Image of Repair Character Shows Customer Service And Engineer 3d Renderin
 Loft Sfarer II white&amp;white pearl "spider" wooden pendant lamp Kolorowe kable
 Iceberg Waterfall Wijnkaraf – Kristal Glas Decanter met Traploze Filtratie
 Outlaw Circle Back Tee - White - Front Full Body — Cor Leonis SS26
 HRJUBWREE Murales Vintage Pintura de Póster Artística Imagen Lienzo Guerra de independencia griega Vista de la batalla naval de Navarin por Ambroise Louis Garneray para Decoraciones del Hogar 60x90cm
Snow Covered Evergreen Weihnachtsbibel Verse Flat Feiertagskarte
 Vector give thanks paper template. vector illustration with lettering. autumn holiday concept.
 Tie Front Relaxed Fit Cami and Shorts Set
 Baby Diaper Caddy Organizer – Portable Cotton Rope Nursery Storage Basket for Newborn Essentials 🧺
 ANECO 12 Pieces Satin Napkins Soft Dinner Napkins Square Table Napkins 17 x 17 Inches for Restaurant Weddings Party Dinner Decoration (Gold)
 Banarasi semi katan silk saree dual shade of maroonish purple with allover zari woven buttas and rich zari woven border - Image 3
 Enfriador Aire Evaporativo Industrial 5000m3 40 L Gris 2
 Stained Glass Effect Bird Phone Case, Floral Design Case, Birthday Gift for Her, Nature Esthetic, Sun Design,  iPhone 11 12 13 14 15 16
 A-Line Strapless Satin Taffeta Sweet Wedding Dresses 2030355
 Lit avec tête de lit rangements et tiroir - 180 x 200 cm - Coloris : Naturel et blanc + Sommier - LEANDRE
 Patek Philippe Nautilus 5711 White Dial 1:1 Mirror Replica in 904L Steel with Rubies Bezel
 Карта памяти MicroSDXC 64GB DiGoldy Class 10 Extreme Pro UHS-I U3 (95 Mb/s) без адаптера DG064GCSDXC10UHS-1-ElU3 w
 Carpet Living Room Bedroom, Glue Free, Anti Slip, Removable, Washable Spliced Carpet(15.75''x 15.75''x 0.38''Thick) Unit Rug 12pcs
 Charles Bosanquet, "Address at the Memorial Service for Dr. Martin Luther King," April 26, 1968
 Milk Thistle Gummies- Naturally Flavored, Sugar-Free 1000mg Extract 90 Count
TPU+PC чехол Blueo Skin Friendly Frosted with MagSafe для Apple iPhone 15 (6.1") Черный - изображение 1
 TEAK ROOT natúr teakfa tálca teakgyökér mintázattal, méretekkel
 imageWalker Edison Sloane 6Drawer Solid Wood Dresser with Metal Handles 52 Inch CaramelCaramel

########################################

(TASK GOAL) Return the lines exactly as they stand, please. Start at the top of the material and finish with the line where "Outlaw Circle Back" appears.

(ANSWER)
Image of Repair Character Shows Customer Service And Engineer 3d Renderin
 Loft Sfarer II white&amp;white pearl "spider" wooden pendant lamp Kolorowe kable
 Iceberg Waterfall Wijnkaraf – Kristal Glas Decanter met Traploze Filtratie
 Outlaw Circle Back Tee - White - Front Full Body — Cor Leonis SS26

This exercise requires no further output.